20051109

Flyover Country is good for AM radio

Just figure: frequencies measured in the hundreds of kilohertz will propagate very well over the prairie and fragment (not be received well on consumer equipment) in the mountains. As I drove home from work this evening, the amply-laminated Prairie atmosphere of Flyover Country was throwing to my car's spindly antenna the programming from Las Vegas, somewhere in Iowa, Dallas, and Minneapolis-Saint Paul.

This is a richer bounty than I enjoyed in my youth as Super CFL tempted me from Chicago during my roller-skating winters.

My sadness is that I haven't the AM receiver to capture it in my own home. Only in my car will the radio catch it. The Onkyo at home won't even pull in KNUS from Denver, through the Terk antenna. So I lack my fix, developed over the last two years of drivetime driving, of Bill Bennett in the morning and Hugh Hewitt in the evening. Glenn Beck is incisive but not that incisive. The local hosts in Cheyenne aren't incisive at all, except for one counter-criticism of the Kelo decision.

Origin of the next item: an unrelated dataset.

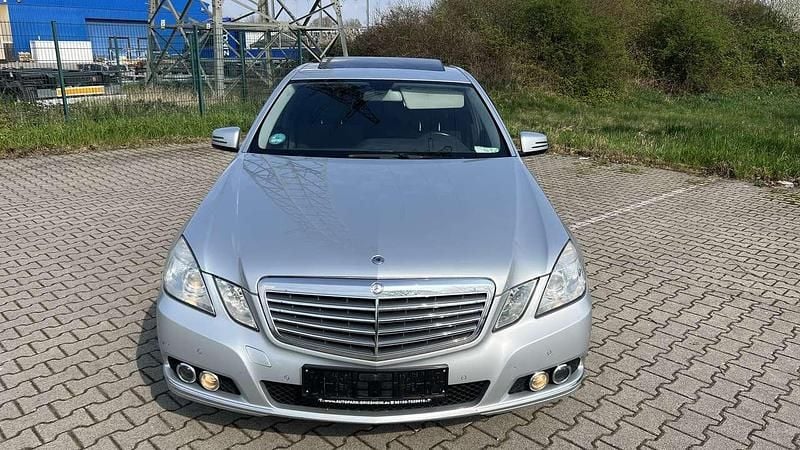 Gebraucht Mercedes E220 Elegance 170 PS (125 kW) 2011 Silber Limousine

Just figure II: is there an internet device that pulls broadcasters in and offers them to my home radio receiver? In that case it isn't good for AM radio per se. But it's great for those talk-show hosts and broadcasters who stream their shows over the Internet. I Googled last night for "internet radio component audio" and came up kinda dry, but I remember such devices, which I considered extravagant at the time but in retrospect now seem almost sensible over a broadband connection, offered at a store staffed by DeeDee who could be cute?